◆ **Given entries**:
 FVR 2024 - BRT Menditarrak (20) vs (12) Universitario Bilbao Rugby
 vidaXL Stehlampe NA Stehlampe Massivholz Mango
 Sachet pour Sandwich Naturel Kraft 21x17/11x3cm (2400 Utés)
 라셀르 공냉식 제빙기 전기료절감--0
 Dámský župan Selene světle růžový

...

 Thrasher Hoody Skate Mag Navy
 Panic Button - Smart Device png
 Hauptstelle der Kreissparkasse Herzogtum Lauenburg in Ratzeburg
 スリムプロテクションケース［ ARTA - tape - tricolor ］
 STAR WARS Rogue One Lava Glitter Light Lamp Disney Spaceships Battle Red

---

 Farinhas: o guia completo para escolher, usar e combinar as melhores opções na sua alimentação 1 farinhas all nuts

◆ **Directions for this task**:
Could you write out, exactly as they stand, only the lines above that begin at the line with "vidaXL Stehlampe NA" and stop after the line with "Dámský župan Selene světle růžový"?

◆ **Written reply**:
 vidaXL Stehlampe NA Stehlampe Massivholz Mango
 Sachet pour Sandwich Naturel Kraft 21x17/11x3cm (2400 Utés)
 라셀르 공냉식 제빙기 전기료절감--0
 Dámský župan Selene světle růžový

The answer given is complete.